Tradução de Roldano Giuntoli
 

São Bento dizia a seus monges: “Mantenham-se sempre atentos à morte”. Não falamos muito sobre a morte no mundo moderno. Porém, toda a tradição cristã nos diz que, caso nos tornássemos sábios, deveríamos aprender a lição de que aqui não temos “nenhuma cidade que nos prende”. Devemos ouvir o que, tanto os sábios do passado, como os do presente, nos dizem: para podermos nos concentrar na vida, devemos nos concentrar na morte... É difícil, para a vida mundana, entender o por quê de se falar da morte. Na verdade, a principal fantasia dos interesses mundanos, opera a partir de um ponto de vista completamente oposto: não a sabedoria de nossa propria mortalidade, mas, a pura fantasia de que somos imortais, de que estamos além da fraqueza física.

Contudo, a sabedoria da tradição representada por São Bento, está no fato de que a consciência de nossa fraqueza física nos permite enxergar também nossa própria fragilidade espiritual. Existe uma consciência profunda em todos nós, tão profunda que, freqüentemente, permanece enterrada na maior parte do tempo, de que devemos estabelecer contato com a integralidade da vida e, com a fonte da vida. Devemos estabelecer contato com o poder de Deus e, de alguma maneira, abrir esse nosso frágil vaso terreno ao amor eterno de Deus, o amor que não pode ser sufocado.

A Meditação é uma via de poder, pois é o meio de entendermos nossa própria mortalidade. É o meio de nos concentrarmos em nossa própria morte. Ela consegue isso, por ser uma via que vai além de nossa própria mortalidade. É uma via que vai, além de nossa própria morte, até a ressurreição, para uma nova e eterna vida, a vida que nasce de nossa união com Deus.
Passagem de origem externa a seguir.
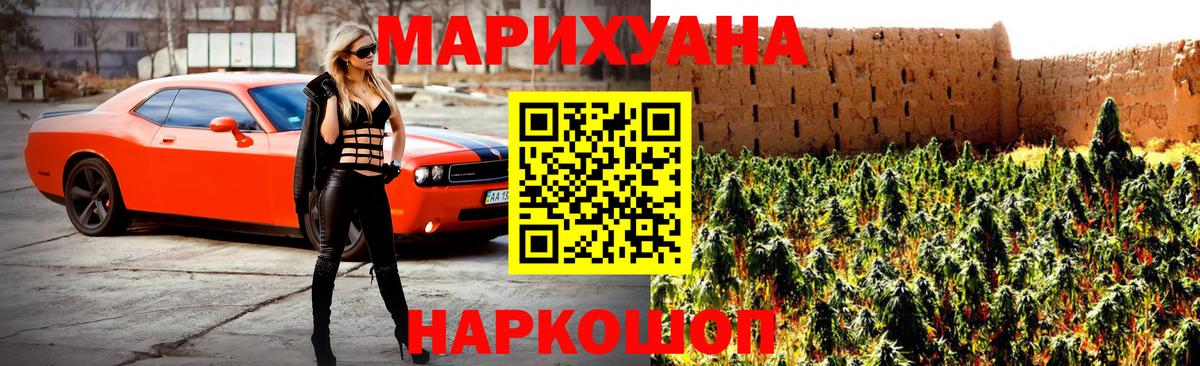 Каннабис планчик  Конопля гибрид  Мурино  МАРИХУАНА Ganja  Марихуана сатива  Вход с VPN 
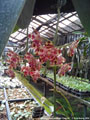Photo : Phalaenopsis gigantea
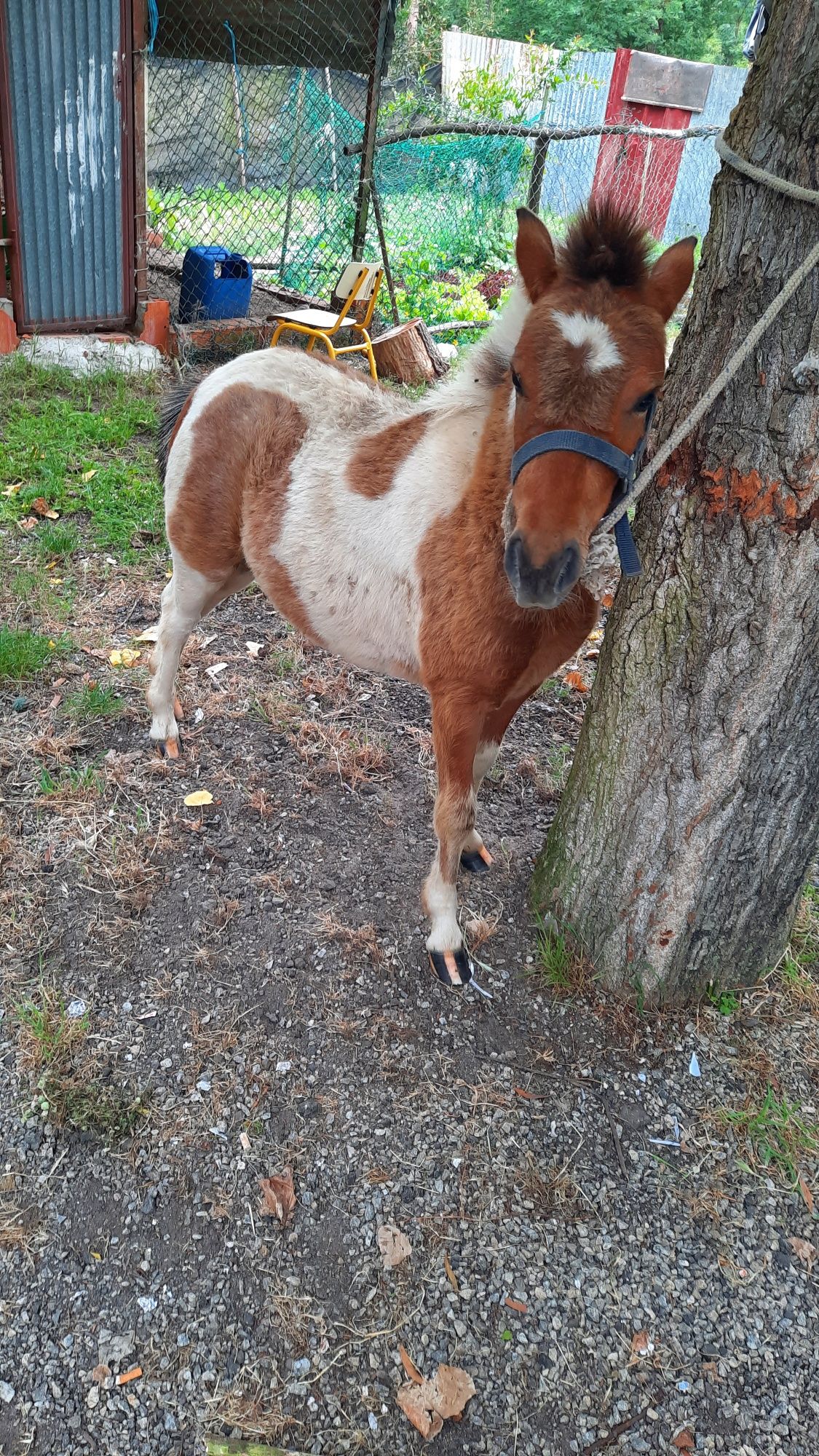 Ponei macho seis meses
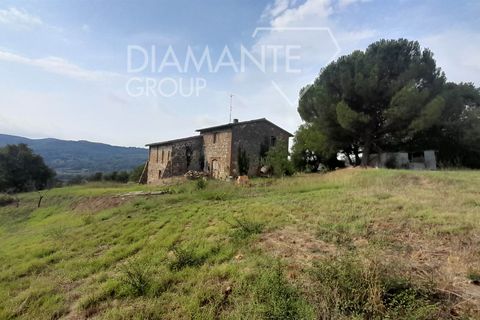 Farm i Acquapendente, Viterbo, Acquapendente - € 750.000 | Ref: AZ415 - foto 8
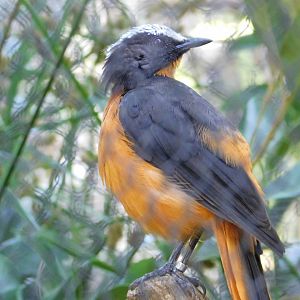 White-Crowned Robin Chat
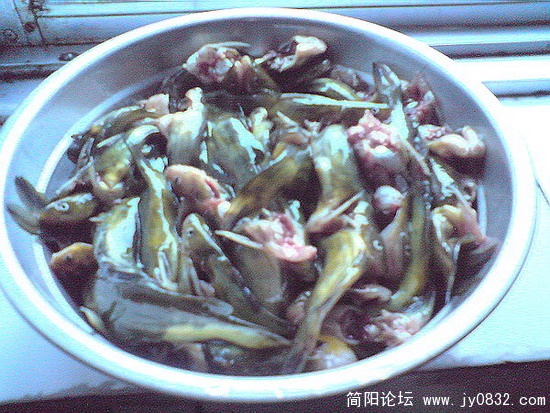 DSC00924.jpg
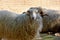 Skudde one of the oldest domestic sheep breeds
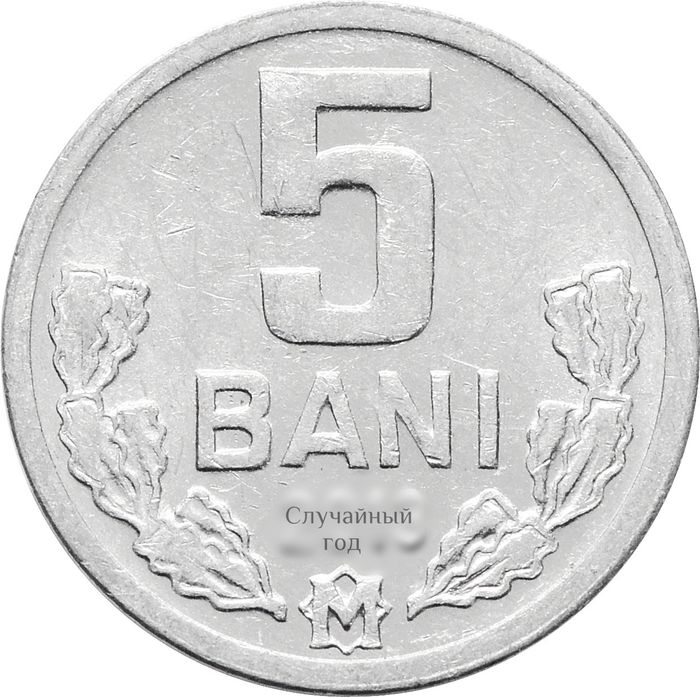 5 бань 1993-2020 Молдавия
A essência do Evangelho cristão é a de que somos convidados para essa experiência agora, hoje. Todos nós somos convidados a morrer para a nossa própria auto-importância, o nosso próprio egoísmo, nossas próprias limitações. Somos convidados a morrer para nossa própria exclusividade. Somos convidados a tudo isso, porque Jesus morreu antes de nós e, ressucitou dos mortos.

Nosso convite a morrer, também é o de nascer para a nova vida, para a comunidade, para a comunhão, para uma vida plena, sem medos. Suponho que seria difícil estabelecer o que é que as pessoas mais temem, a morte ou a ressurreição. Porém, na meditação perdemos nosso medo, pois compreendemos que a morte é morte do medo e, ressurreição é nascer para a nova vida.

Cada vez que nos sentamos para meditar, nos conectamos com esse eixo de morte e ressurreição. Isso se dá, pois em nossa meditação vamos além de nossa própria vida e, de todas as limitações de nossa vida, em direção ao mistério de Deus. Descobrimos, cada um de nós a partir de nossa própria experiência, que o mistério de Deus é o mistério do amor, amor infinito, amor que expulsa todos os medos.

Medite por Trinta Minutos
Sente-se confortavelmente, mas com a coluna ereta. Feche levemente os olhos. Sente-se relaxado mas atento. Em silêncio, interiormente, comece a repetir uma única palavra. Recomendamos a palavra-oração "Maranatha". Recite-a como quatro silabas de igual duração Ma-ra-na-tha, em ritmo lento. Ouça-a à medida que a pronuncia, suavemente mas continuamente. Não pense nem imagine nada - nem de ordem espiritual nem de qualquer outra ordem. Se pensamentos e imagens afluírem à mente, trate-os como distrações e simplesmente retorne à repetição da palavra.